Raw data

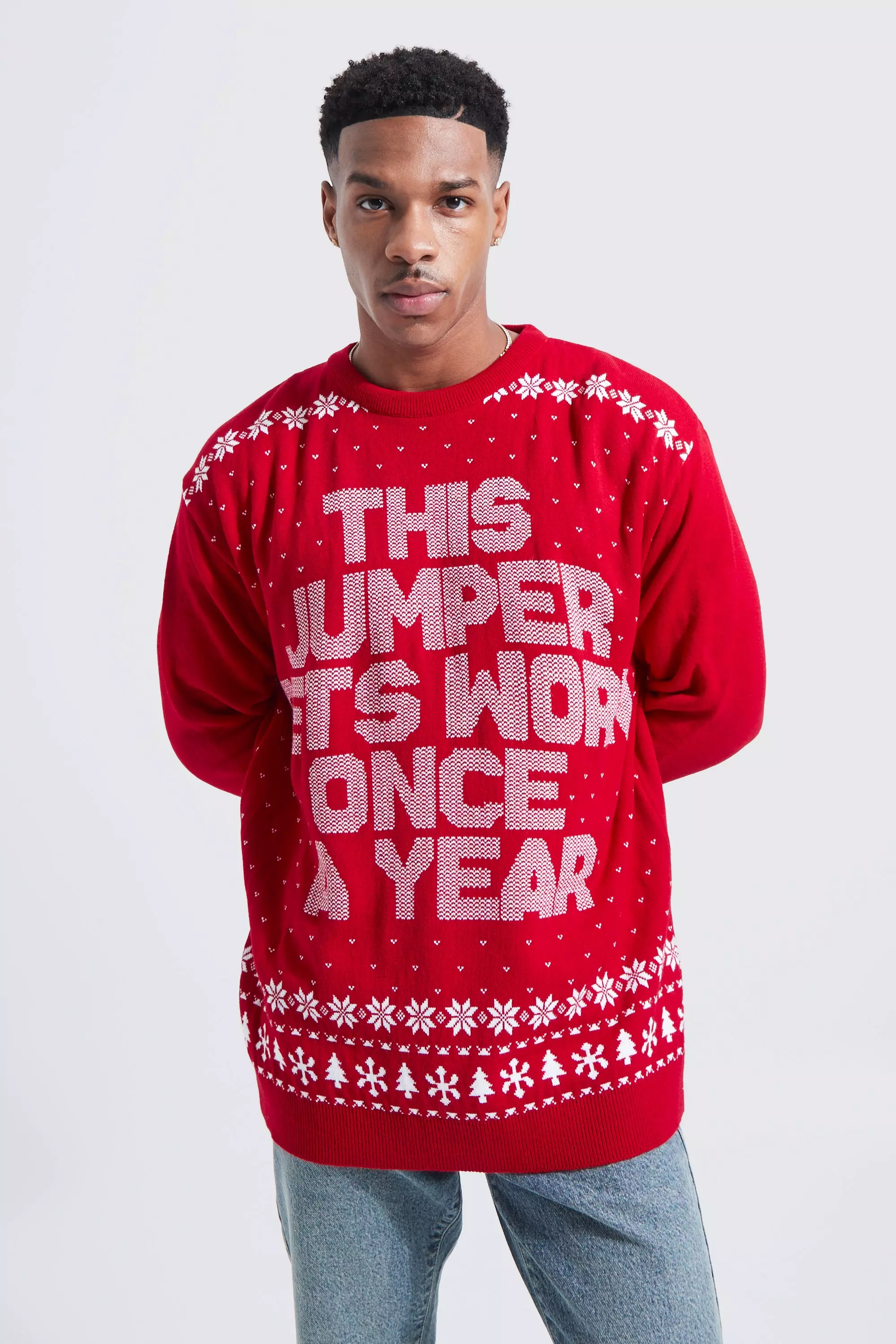 Once A Year Christmas Sweater Red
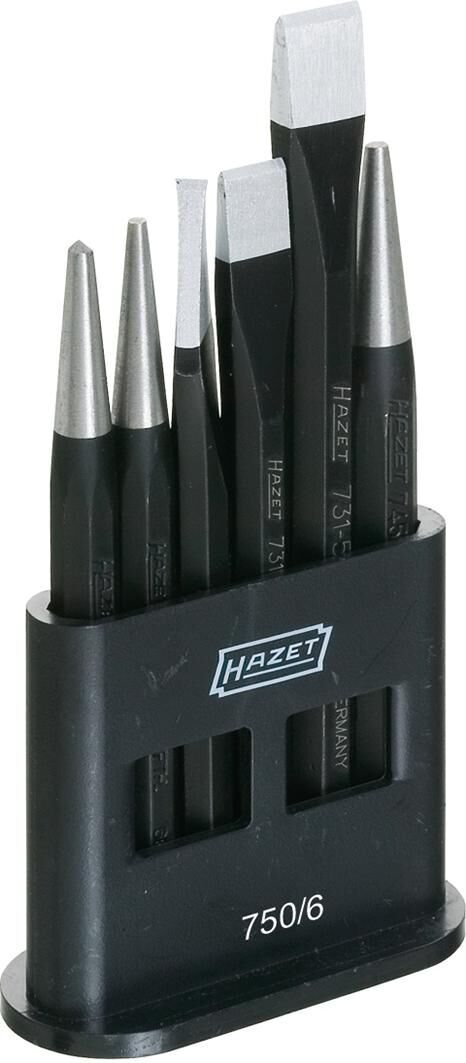 Hazet slaggereedschap set chisels and cores set 6pc 750 6
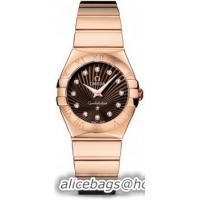 Omega Constellation Polished Quarz Small Watch 158638G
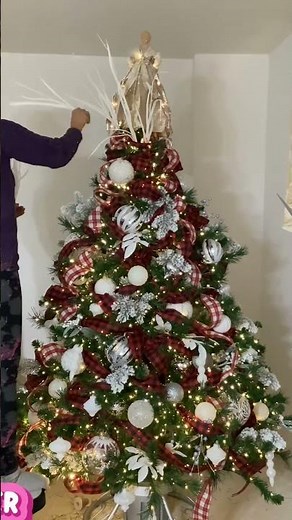 How To Decorate Christmas Tree #topper using #angel #shortvideo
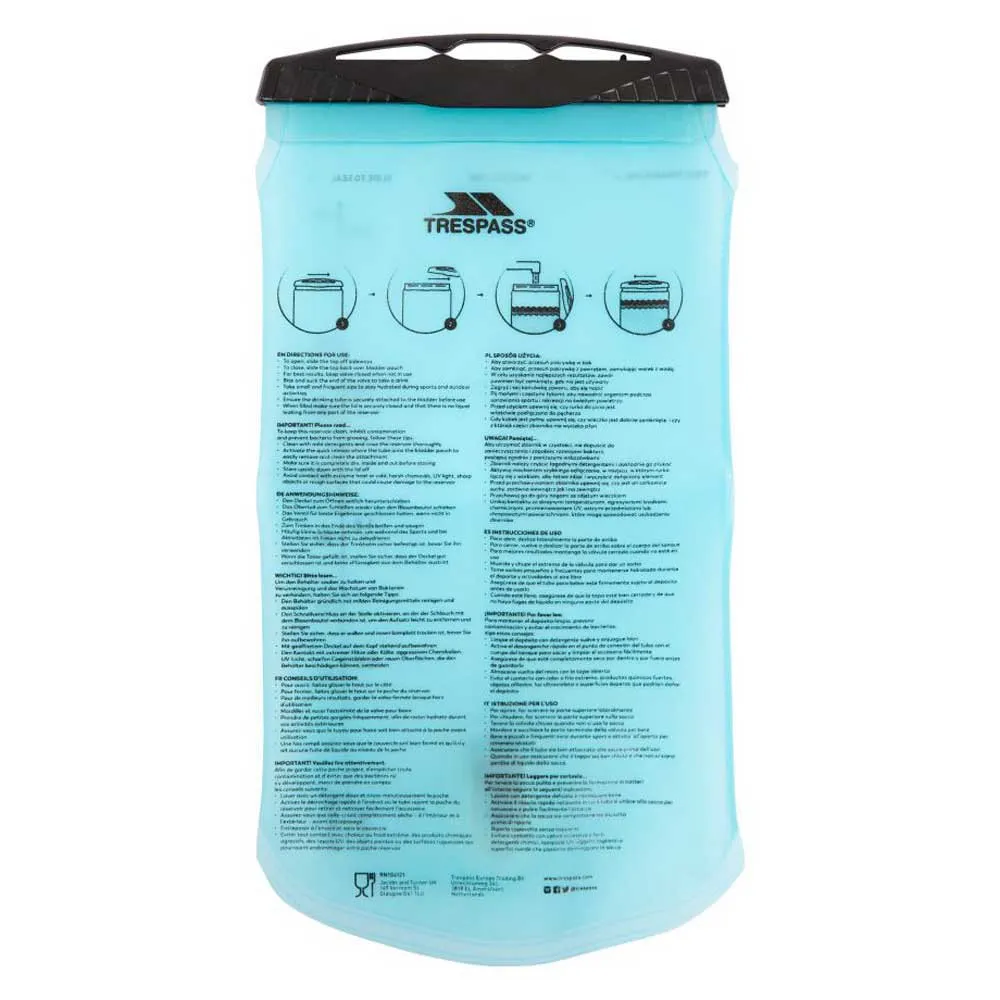 Trespass Quenched 2l Trinkblase, Clear blue, One Size Trespass Quenched 2l Trinkblase, Clear blue, One Size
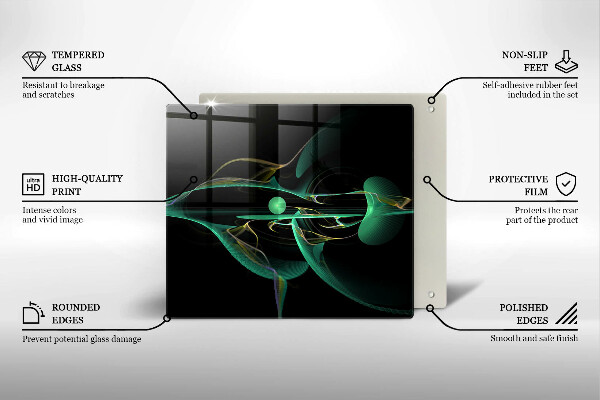 Sklenená doska na krájanie Moderná abstrakcia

What you are asked to do
Your reply should hold only the lines running from the one with "How To Decorate" to the end of the data above, set down exactly, pictures omitted.

Final answer
 How To Decorate Christmas Tree #topper using #angel #shortvideo
 Trespass Quenched 2l Trinkblase, Clear blue, One Size Trespass Quenched 2l Trinkblase, Clear blue, One Size
 Sklenená doska na krájanie Moderná abstrakcia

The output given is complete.